Personally I love the M3 but feel the 330 is the perfect car for me which is why I went with a nother one.

The only thin I am not crazy about with my 330 is when i enter a turn and am in 2nd gear in my step, I wish the car pulled more in the lower rpm range . . . I am hoping the manual I am getting will change this


----------



## Lori (Sep 21, 2002)

Isn't waiting what ordering a BMW is all about? I don't know but it just seems like the M3 is so awsome why not go for it? I know it is alot of car but so are Corvettes and Roush Mustangs I used to own a Corvette and I considered a Roush Mustang but they don't have the style or the solid, well built feeling of the M3. When I drove an M3 I was amazed at the power at my disposal. Not that I would use it (all the power) very often I would like to drive it on a track though. The handling also felt superior to the 330ci albeit a bit rougher but hey, it's a sport car right? And I really like the way the M3 just takes off when you want it to. Does the 330ci give you that feeling without any mods?


----------



## AF (Dec 21, 2001)

The 330 is a quick car with a very good torquey engine which I find to be VERY important . . . the handling is incredible and I have never gotten to the point where I have reached the limit. 

I live in an area that has a lot of windy & twisty roads with a 30 mph zone but you could easily go 50-60 and really get into it with your car. The curves are excellent and when I get out of my car afterwards it is very exhilarating. I literally have a Smile on my face that doesn't go awy for quite a while (they don't call me donny for nothing  ).

I really find that the 330 is fast, handles incredibly and is the perfect car for me. I've had Corvette's and I loved the power but like I've said in some past threads that the fun was over way too fast with them. I would floor it and be past legal speeds in 5 seconds and then the fun was over. It was like I could never really USE the power because it was too fast.

To me, it is more fun to drive a slower car fast, then a fast car fast. You get to wring out the gears more, you get to try and explore the limits of the handling and you get to have a ton of fun.

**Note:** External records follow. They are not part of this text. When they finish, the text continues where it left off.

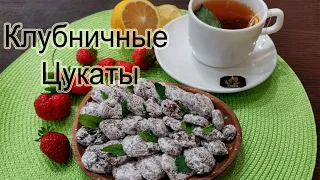 ЦУКАТЫ ИЗ КЛУБНИКИ !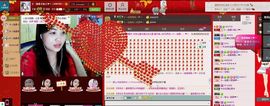 蚀骨💕冷美人主播照片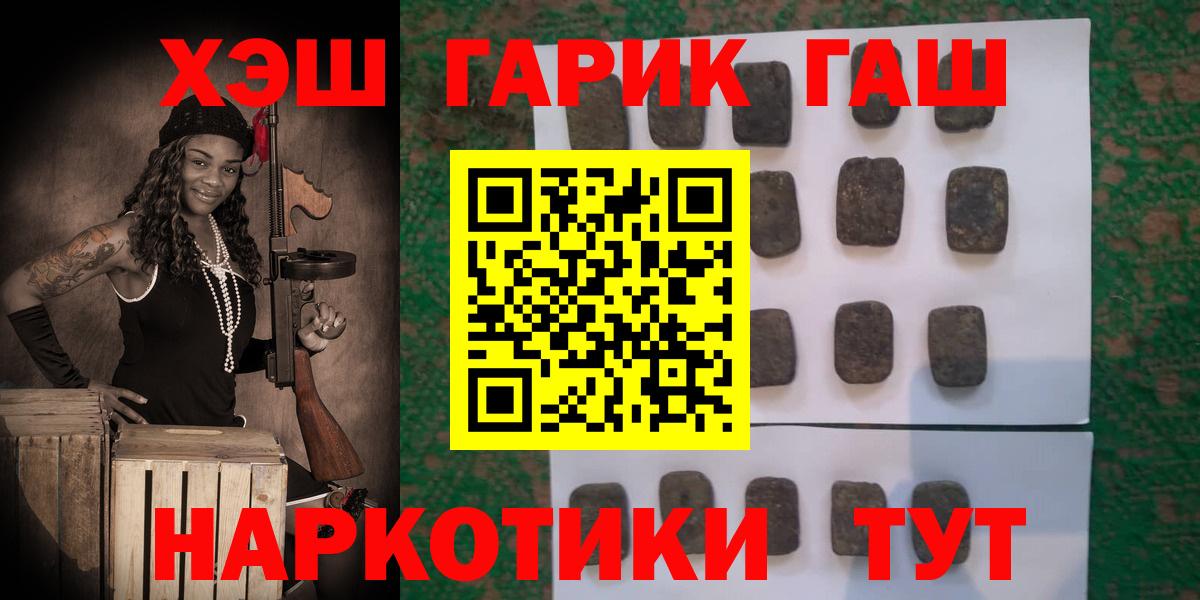 Cocaine  МДМА  Вход с VPN  Новокубанск  МАРИХУАНА  ГАШИШ  Меф МЯУ МЯУ кристаллы 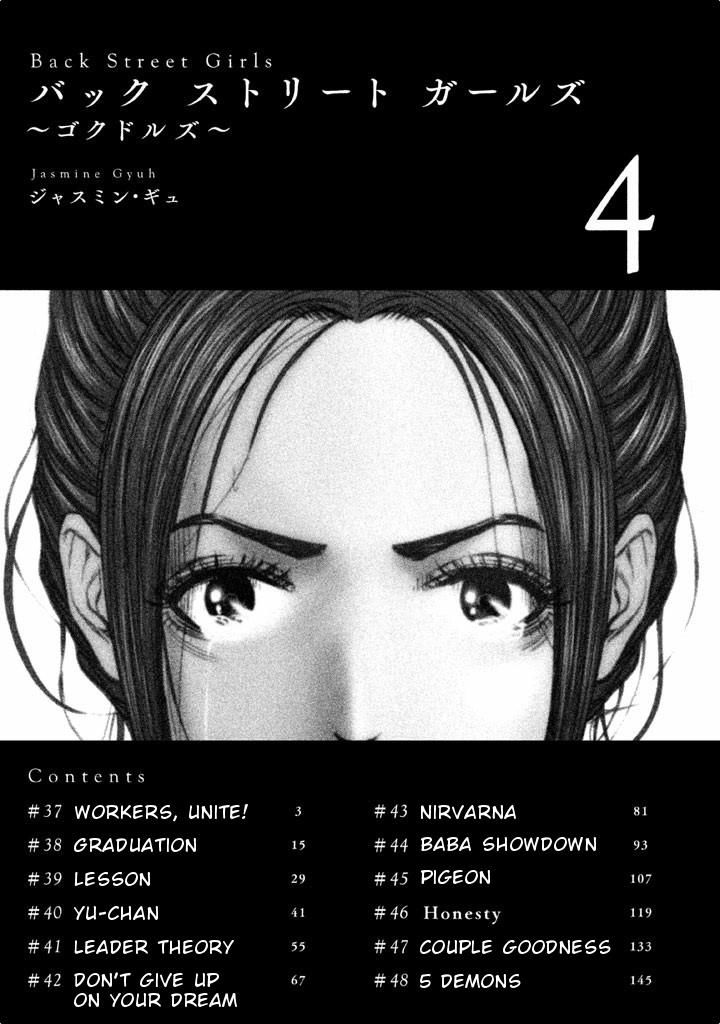 Back Street Girls - Washira Idol Hajimemashita. - Chapter 37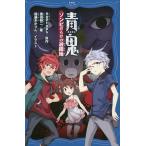 青鬼 〔5〕/noprops/黒田研二/鈴羅木かりん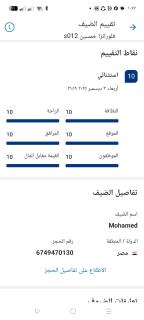 فلورانزا خمسين s012 - 8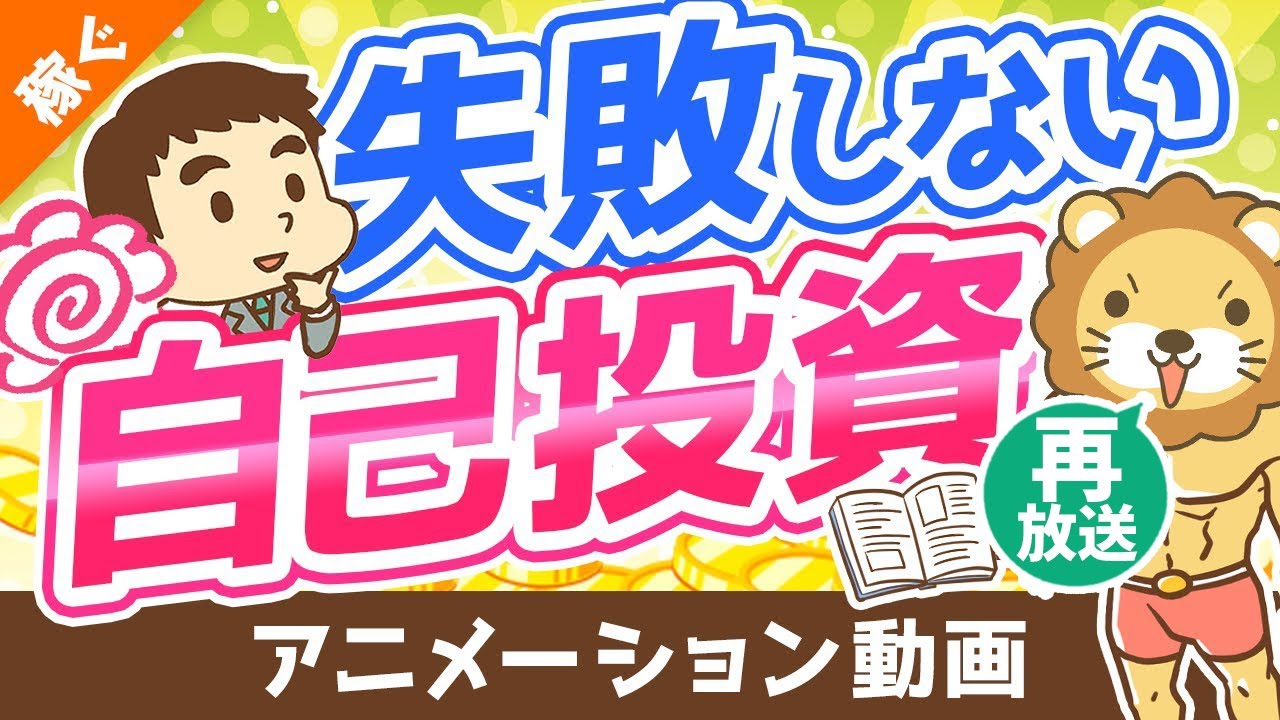 【再放送】【何も残らない人にならないために】自己投資で失敗しないための「攻略法」を6つ解説【稼ぐ 実践編】：（アニメ動画）第210回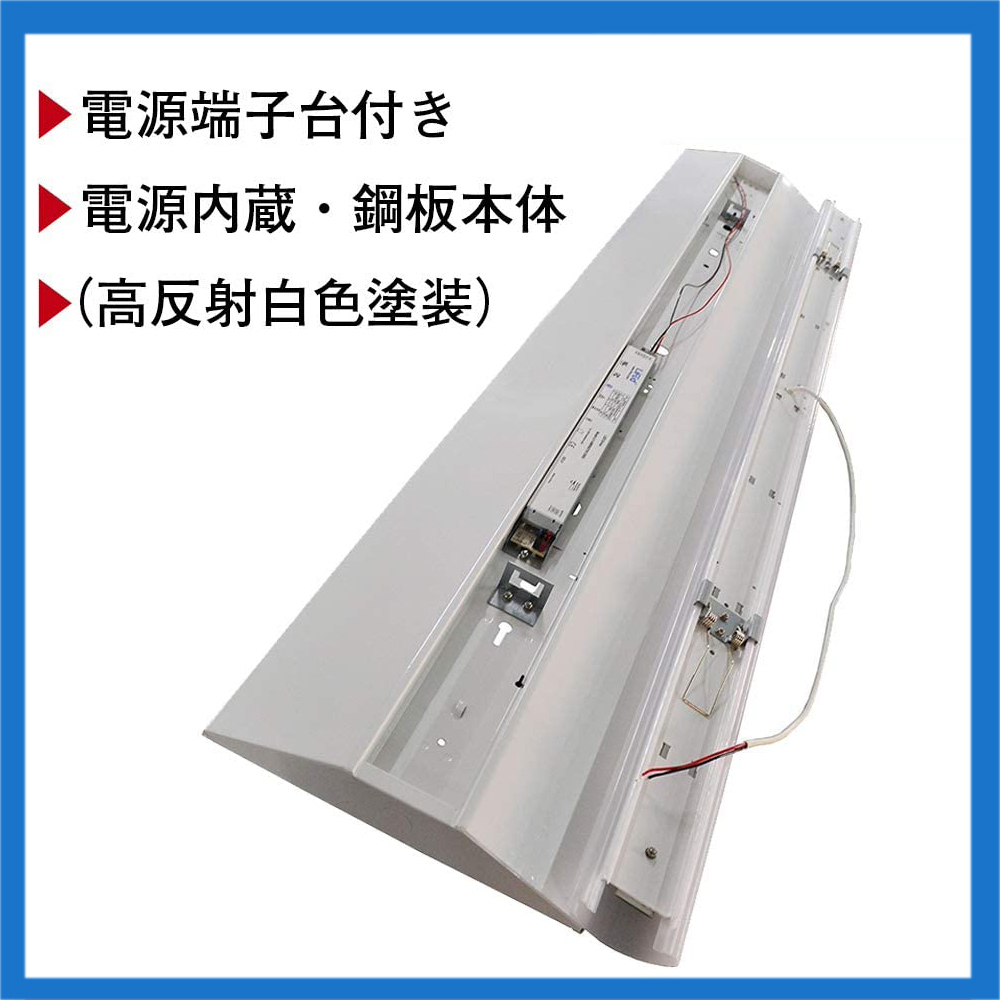 逆富士型ランプ 代替用 逆富士型led照明 40W型2灯相当 50w 8000lm LED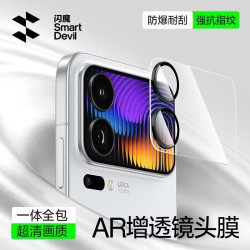 闪魔 小米17镜头膜Xiaomi17Promax手机背屏膜后置摄像头圈全覆盖防爆AR高清保护膜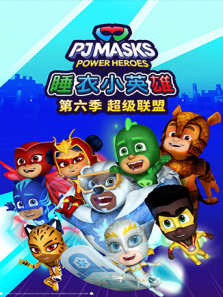 ˯��СӢ��  �������� ��6��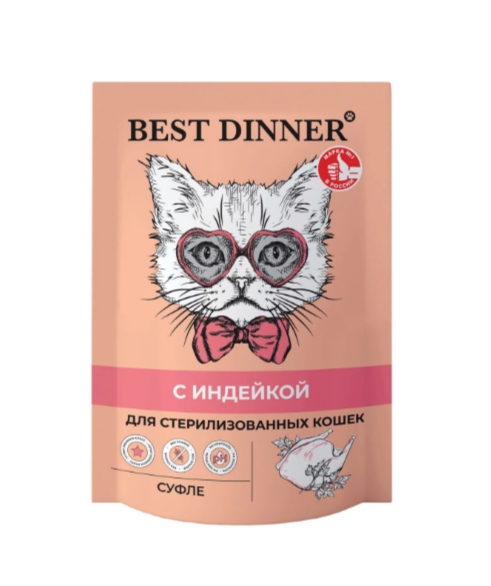Best Dinner Супер-Премиум-класс Суфле для стерилизованных кошек с Индейкой, 85 гр MZB741794 - фото 13714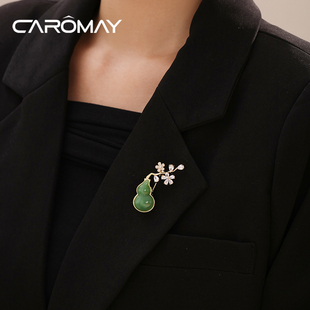 卡洛美翠葫琼枝胸针女中国风绿色葫芦秋冬新款大衣胸花别针女高档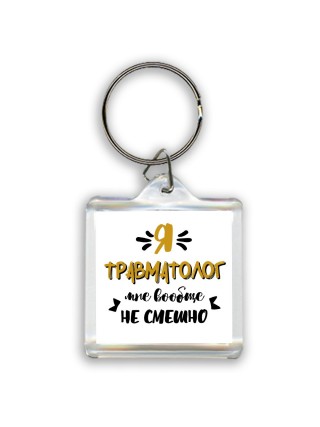 Я травматолог мне вообще не смешно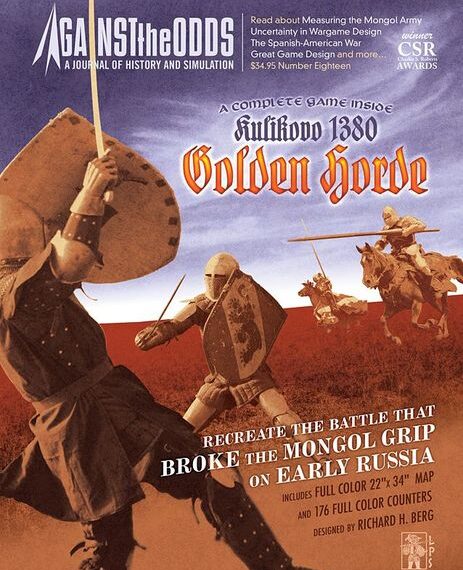 Kulikovo 1380: The Golden Horde (2006) Board Game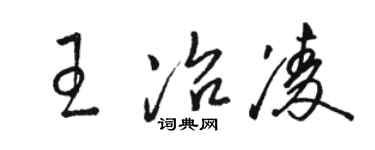 駱恆光王冶凌草書個性簽名怎么寫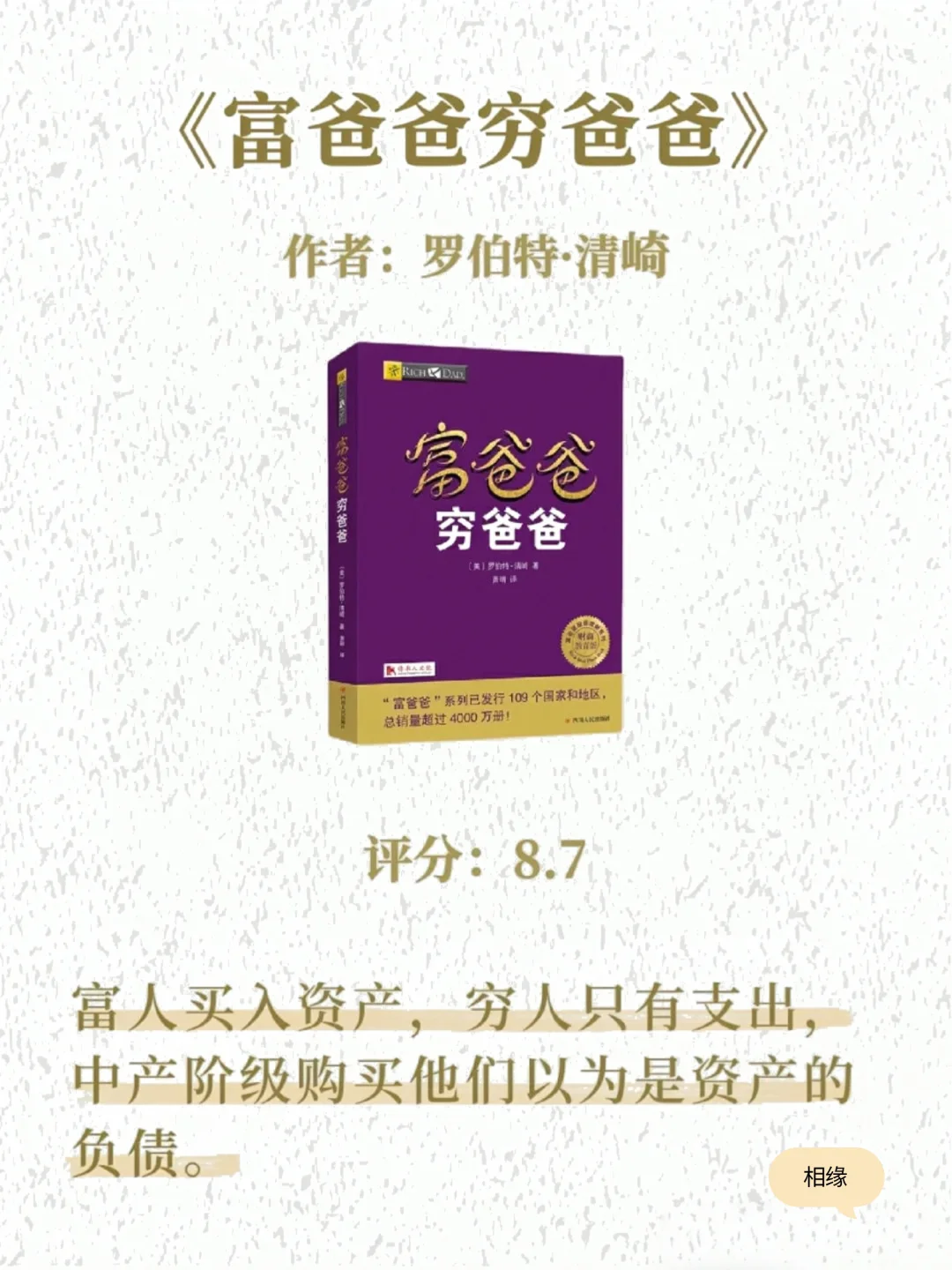 2025年下半年狠狠提升自己，这八本书值得你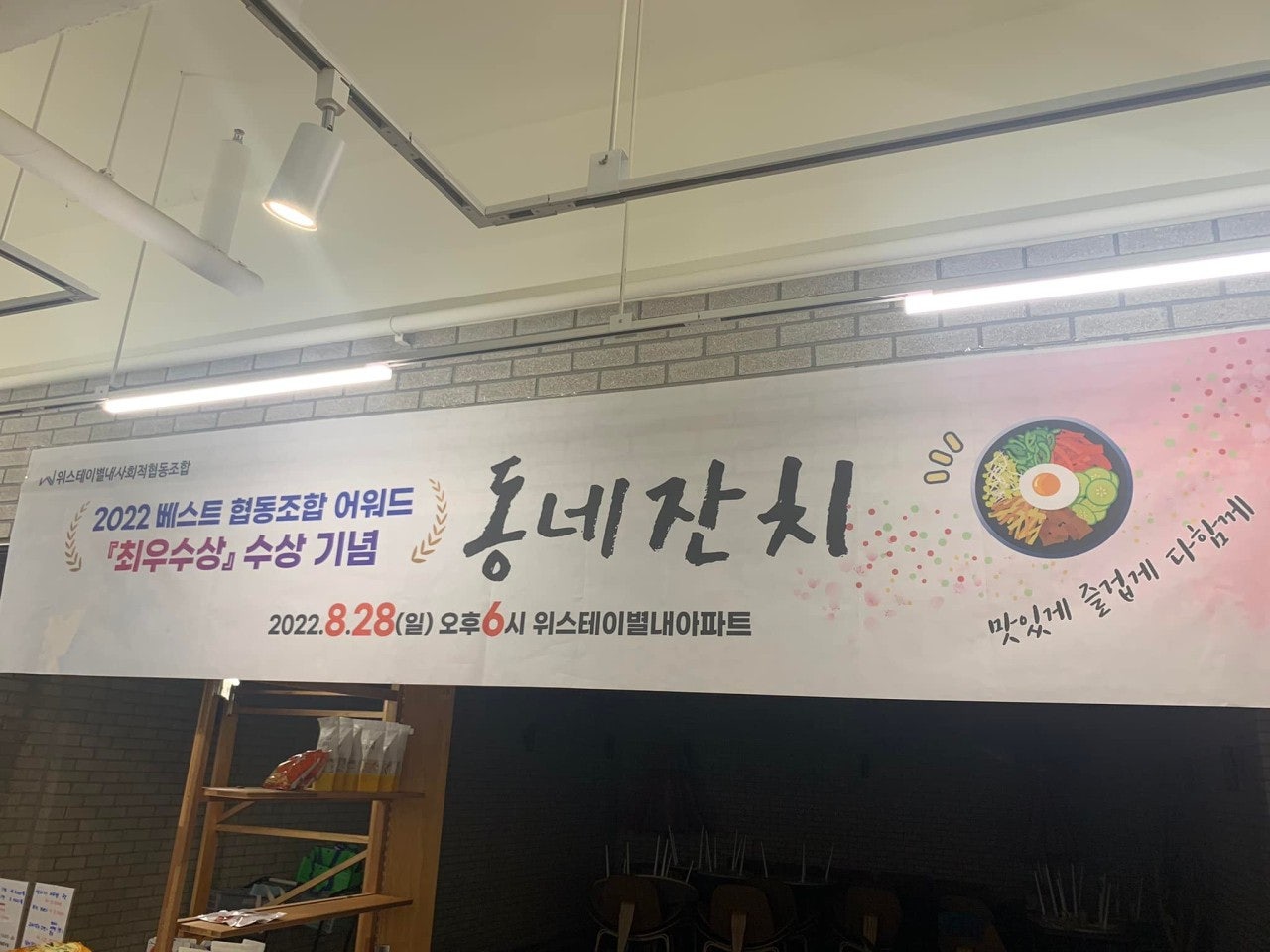 동네지기 이미지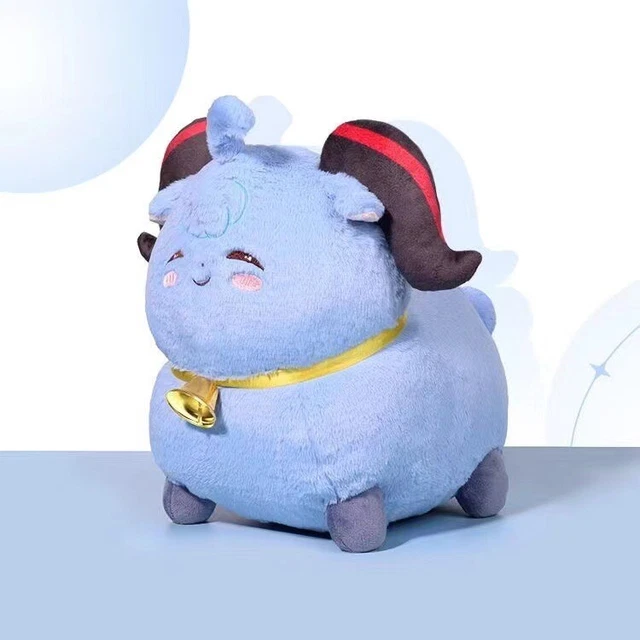 Hot Anime Ganyu Sheep Pet Plush Doll Toy Pillow Kids Gifts Cosplay Party 22cm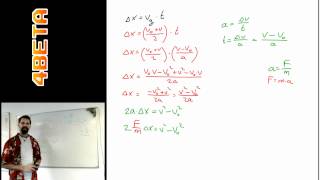 energie en arbeid  afleiding E5v2  Kinetische energie [upl. by Sirromed869]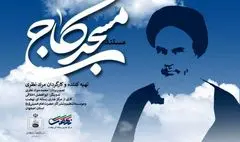 روایتی از ساخت یک مسجد توسط امام خمینی روی آنتن شبکه دو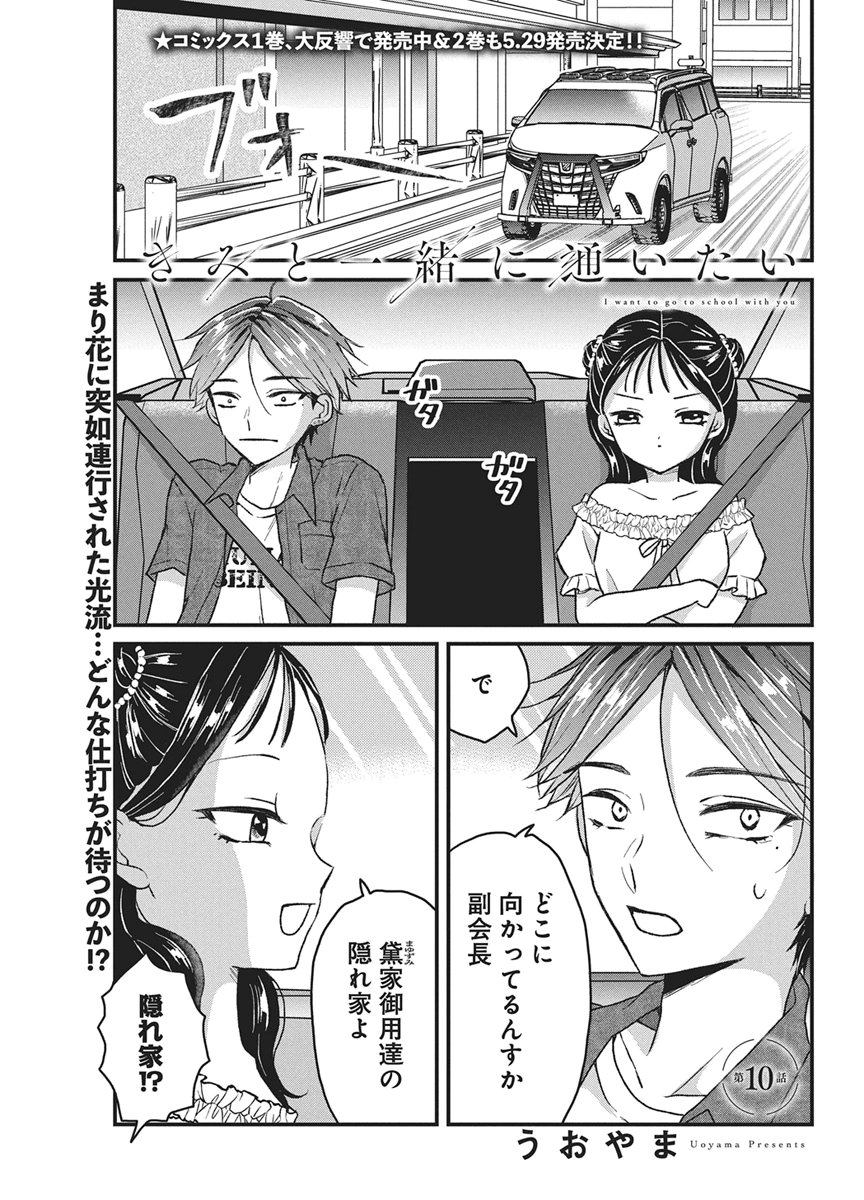 Read KIMI TO ISSHO NI KAYOITAI Chapter 10 [High Quality / Full] - Page 1 - nicomanga.net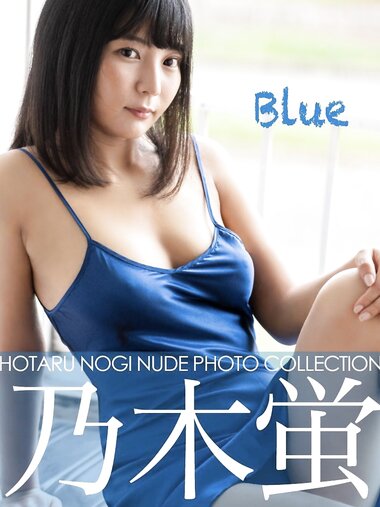 [Photobook] Nude Photo Collection 乃木蛍 写真集 Blue (HMJM)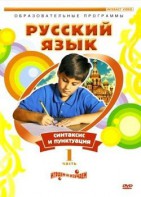 DVD "Русский язык. Часть 1. Синтаксис и пунктуация" - fgospostavki.ru - Петропавловск-Камчатский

As far as money is concerned the M3 would have only cost me a little over $22,000 while the 330 is running me around $11,000.
Not too bad . . .


----------



## Lori (Sep 21, 2002)

I take it you are leasing your car? You have a very good point there Alan F. Where in the heck am I going to be able to push the car the way it was meant to be pushed. I just wish I could test drive a 330ci with a stick before I buy one. I really like the classy understated (compared to the M3) look of the 330ci. The M3 is just so... what's the word I am searching for? Masculin maybe? When I look at a pic of the M3 it doesn't make me feel all warm and sweet the way the 330ci does. Now I am probably getting into the psychological aspect of vehical selection or something. Leave it to me to be analitical. Alan F, I've said it before and I'll say it again. You are one smart cookie. Tell me more about the spirited driving experience that the 330ci affords, if you will?
-Lori


----------



## Lori (Sep 21, 2002)

I have just one more little question that has been bugging me. Does BMW produce the 330ci in Munich. My cancelled one was built in Regensburg. I was a little disappointed to find that out because I had always assumed Munich was the epicenter of the BMW empire. I also read that the plant in Munich has an excellent reputation regarding build quality.
-Lori


----------



## AF (Dec 21, 2001)

I buy my cars, leasing is definitely not for me . . . I need to know that when I want to trade in a car, I can do it with no strings attached. I could understand where you could get that impression and I should have elaborated when I said the price to buy those cars would also include the trade in value of my current 330Ci.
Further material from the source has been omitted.